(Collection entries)

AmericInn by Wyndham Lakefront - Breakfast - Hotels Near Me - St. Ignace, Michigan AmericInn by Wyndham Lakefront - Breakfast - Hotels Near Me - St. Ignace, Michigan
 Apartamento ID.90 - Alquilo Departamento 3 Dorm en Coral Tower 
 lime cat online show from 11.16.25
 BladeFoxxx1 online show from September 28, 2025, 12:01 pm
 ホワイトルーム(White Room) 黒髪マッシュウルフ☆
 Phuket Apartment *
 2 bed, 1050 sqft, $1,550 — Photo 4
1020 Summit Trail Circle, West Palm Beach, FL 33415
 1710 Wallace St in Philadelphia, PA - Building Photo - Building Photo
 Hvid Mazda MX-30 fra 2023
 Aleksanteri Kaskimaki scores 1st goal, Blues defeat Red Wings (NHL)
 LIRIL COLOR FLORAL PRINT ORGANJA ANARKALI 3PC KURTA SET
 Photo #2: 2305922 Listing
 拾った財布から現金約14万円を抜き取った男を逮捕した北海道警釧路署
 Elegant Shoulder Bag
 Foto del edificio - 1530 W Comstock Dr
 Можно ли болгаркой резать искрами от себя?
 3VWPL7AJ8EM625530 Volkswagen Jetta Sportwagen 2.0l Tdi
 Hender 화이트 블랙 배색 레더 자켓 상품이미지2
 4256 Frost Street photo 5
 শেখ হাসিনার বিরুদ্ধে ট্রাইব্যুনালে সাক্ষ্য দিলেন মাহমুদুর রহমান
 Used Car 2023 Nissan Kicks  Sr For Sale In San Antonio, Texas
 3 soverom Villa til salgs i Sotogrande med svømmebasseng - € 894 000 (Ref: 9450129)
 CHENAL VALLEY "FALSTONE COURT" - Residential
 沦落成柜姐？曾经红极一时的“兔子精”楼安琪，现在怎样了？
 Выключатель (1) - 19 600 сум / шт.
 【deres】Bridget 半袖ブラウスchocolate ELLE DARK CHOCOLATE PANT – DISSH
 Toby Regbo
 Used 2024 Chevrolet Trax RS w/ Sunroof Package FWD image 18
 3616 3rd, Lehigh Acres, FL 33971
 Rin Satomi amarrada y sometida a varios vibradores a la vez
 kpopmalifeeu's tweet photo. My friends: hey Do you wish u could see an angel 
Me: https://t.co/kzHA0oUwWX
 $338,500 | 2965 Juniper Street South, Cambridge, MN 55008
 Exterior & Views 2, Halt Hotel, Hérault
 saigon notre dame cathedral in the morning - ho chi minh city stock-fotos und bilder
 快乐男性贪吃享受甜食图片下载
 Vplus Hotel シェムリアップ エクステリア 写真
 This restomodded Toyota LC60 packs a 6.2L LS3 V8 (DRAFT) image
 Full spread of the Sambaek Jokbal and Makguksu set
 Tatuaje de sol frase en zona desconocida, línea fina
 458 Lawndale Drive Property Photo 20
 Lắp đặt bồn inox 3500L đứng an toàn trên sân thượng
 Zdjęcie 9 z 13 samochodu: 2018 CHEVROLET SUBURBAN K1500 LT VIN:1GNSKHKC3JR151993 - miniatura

§ **Task**: Whenever the word "image" occurs in a line of the records, that line counts once; state the total alone.

§ **Answer to this task**: 2